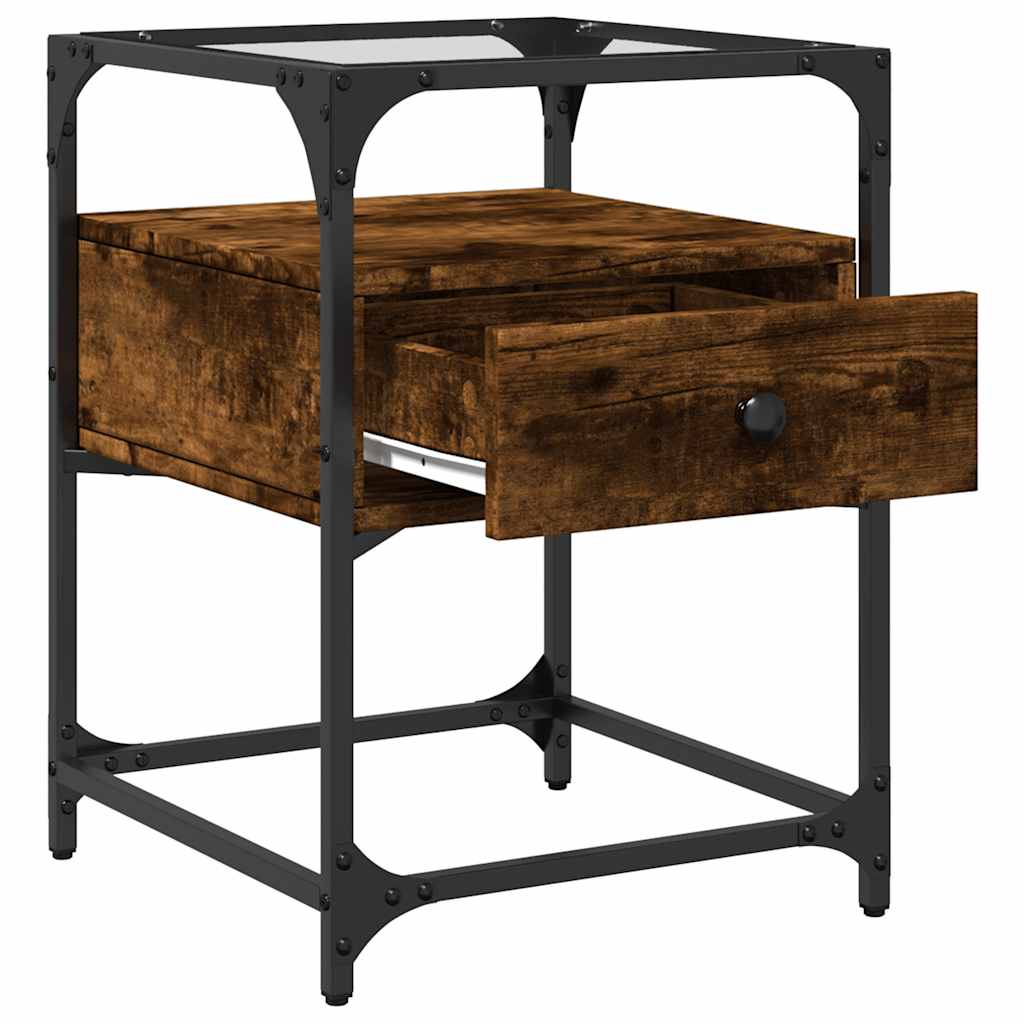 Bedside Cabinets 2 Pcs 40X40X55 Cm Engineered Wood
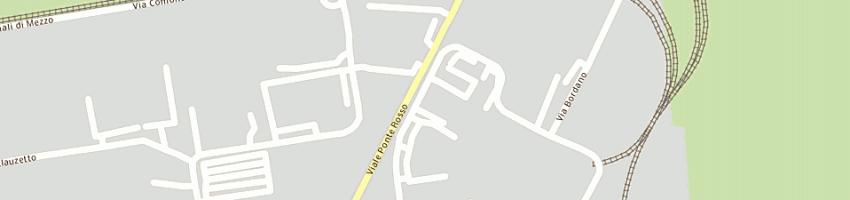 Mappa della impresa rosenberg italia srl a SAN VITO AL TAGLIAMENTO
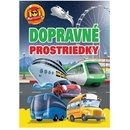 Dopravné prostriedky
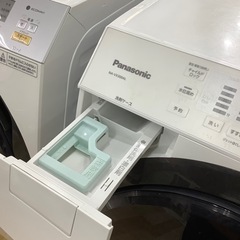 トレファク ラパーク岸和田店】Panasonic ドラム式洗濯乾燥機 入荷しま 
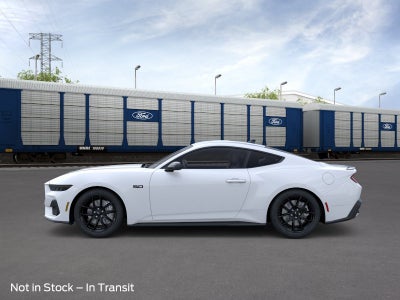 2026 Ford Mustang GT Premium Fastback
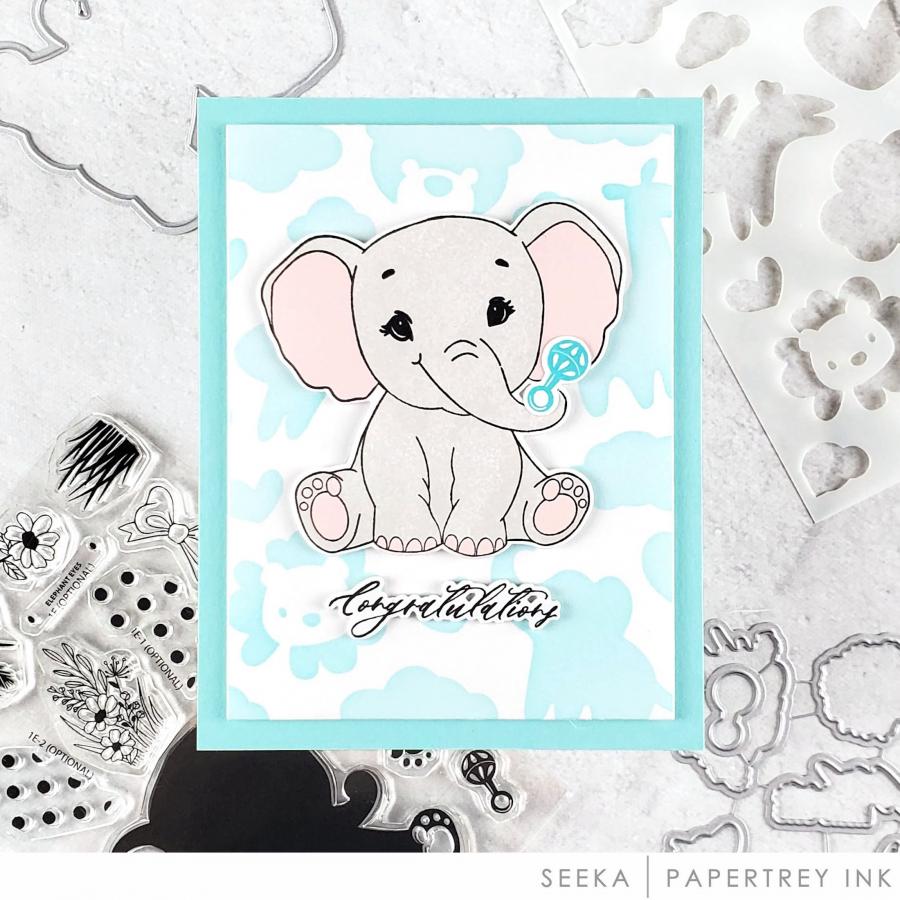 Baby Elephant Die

[What you need to do] Line by line, return the listing above exactly, leaving out its pictures.

[Result of this task]
 Bedside Cabinets 2 Pcs 40X40X55 Cm Engineered Wood
 Mappa della impresa rosenberg italia srl a SAN VITO AL TAGLIAMENTO
 Dopravné prostriedky
 トレファク ラパーク岸和田店】Panasonic ドラム式洗濯乾燥機 入荷しま 
 2026 Ford Mustang GT Premium Fastback
 Baby Elephant Die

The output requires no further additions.